> **DESCRIPTION OF THE TASK**:
Take the lines from the one with "Kitchen Dining Room" through the end of the material below and repeat them exactly, dropping every picture.

> **SOURCE MATERIAL**:
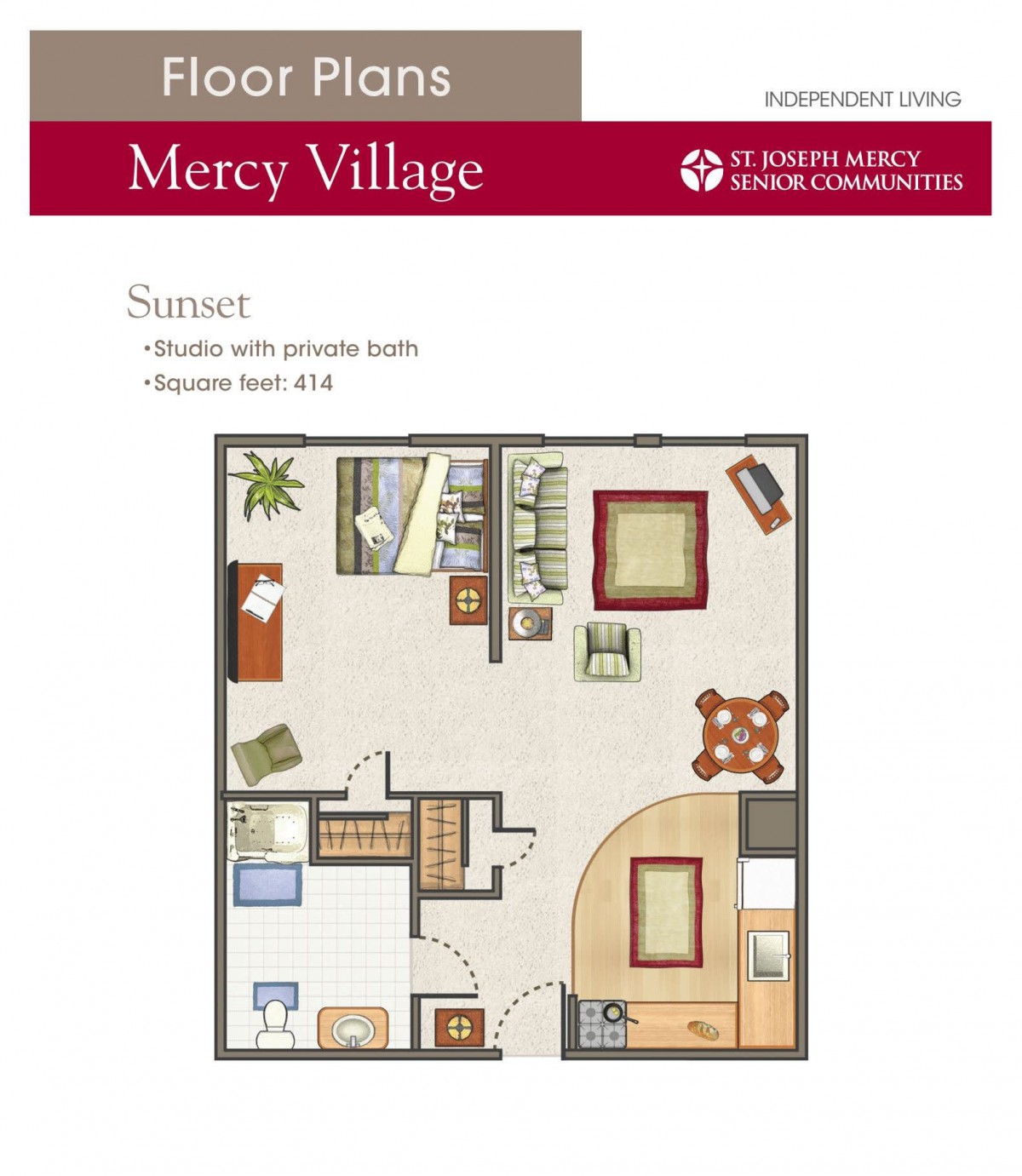 A floor plan of the 'Sunset' one-bedroom apartment at Mercy Village, featuring a living area, kitchen, and bathroom.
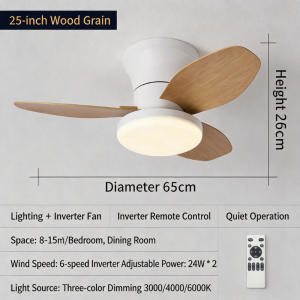 【SG Stock】Ceiling Fan with Light Intelligent 6-speed Fan 3 Colors LED Light with Remote Control for Kitchen Dining Room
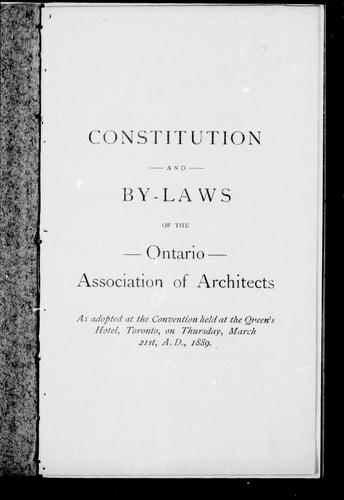 Constitution and by-laws of the Ontario Association of Architects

> **YOUR SOLUTION**:
 【SG Stock】Ceiling Fan with Light Intelligent 6-speed Fan 3 Colors LED Light with Remote Control for Kitchen Dining Room
 Constitution and by-laws of the Ontario Association of Architects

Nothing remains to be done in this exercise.